#### Problem description:
Copy each line below holding "root".

#### Extracted records:

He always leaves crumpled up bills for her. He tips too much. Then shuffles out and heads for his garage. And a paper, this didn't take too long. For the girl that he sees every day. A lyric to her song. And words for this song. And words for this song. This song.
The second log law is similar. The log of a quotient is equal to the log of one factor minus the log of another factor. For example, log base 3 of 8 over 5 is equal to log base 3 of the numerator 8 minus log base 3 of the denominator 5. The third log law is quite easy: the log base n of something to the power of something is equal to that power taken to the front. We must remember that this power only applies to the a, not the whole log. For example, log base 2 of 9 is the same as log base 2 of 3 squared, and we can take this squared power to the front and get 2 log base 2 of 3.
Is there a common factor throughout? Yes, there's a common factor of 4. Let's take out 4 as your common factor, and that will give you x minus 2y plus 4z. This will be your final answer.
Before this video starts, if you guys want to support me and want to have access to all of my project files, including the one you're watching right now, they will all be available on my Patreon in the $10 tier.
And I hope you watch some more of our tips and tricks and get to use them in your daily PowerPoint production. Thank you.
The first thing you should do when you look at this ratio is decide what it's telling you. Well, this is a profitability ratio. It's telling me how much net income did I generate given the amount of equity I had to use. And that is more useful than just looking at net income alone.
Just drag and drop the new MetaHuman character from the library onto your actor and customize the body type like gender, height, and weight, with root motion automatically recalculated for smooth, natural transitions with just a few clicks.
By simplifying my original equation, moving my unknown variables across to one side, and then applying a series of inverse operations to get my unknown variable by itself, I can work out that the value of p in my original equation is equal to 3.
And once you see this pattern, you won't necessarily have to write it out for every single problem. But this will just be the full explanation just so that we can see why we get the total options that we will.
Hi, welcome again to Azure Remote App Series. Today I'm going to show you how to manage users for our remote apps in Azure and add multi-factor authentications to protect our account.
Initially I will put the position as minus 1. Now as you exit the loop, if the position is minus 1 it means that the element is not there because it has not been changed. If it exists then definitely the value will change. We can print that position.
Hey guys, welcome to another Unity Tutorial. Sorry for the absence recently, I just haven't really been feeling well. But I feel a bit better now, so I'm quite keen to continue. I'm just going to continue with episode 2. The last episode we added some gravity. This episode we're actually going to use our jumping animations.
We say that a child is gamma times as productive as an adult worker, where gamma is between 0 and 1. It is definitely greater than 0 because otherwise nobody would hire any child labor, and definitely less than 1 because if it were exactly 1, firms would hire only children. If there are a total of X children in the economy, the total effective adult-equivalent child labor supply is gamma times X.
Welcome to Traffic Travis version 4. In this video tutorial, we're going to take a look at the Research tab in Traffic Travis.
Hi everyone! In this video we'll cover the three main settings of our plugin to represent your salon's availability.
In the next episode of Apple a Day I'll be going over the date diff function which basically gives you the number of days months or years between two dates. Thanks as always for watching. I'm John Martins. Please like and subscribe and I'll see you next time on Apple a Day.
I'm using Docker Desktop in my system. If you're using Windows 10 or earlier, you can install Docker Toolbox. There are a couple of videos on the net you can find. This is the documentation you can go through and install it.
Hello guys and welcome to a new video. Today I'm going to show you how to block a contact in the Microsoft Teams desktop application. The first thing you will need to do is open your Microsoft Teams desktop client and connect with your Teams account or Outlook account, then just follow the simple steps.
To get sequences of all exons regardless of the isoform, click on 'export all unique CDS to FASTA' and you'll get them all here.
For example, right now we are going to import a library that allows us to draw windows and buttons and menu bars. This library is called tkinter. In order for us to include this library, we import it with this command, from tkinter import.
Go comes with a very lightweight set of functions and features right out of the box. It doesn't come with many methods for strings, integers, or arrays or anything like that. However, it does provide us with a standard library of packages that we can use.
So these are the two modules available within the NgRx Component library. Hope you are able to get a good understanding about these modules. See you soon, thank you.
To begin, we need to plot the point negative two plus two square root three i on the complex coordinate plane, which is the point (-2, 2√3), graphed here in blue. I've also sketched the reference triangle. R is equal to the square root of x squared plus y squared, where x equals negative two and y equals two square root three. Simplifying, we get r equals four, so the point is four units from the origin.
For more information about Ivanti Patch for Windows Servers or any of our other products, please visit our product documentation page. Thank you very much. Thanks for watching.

#### Solution to the problem:
Just drag and drop the new MetaHuman character from the library onto your actor and customize the body type like gender, height, and weight, with root motion automatically recalculated for smooth, natural transitions with just a few clicks.
To begin, we need to plot the point negative two plus two square root three i on the complex coordinate plane, which is the point (-2, 2√3), graphed here in blue. I've also sketched the reference triangle. R is equal to the square root of x squared plus y squared, where x equals negative two and y equals two square root three. Simplifying, we get r equals four, so the point is four units from the origin.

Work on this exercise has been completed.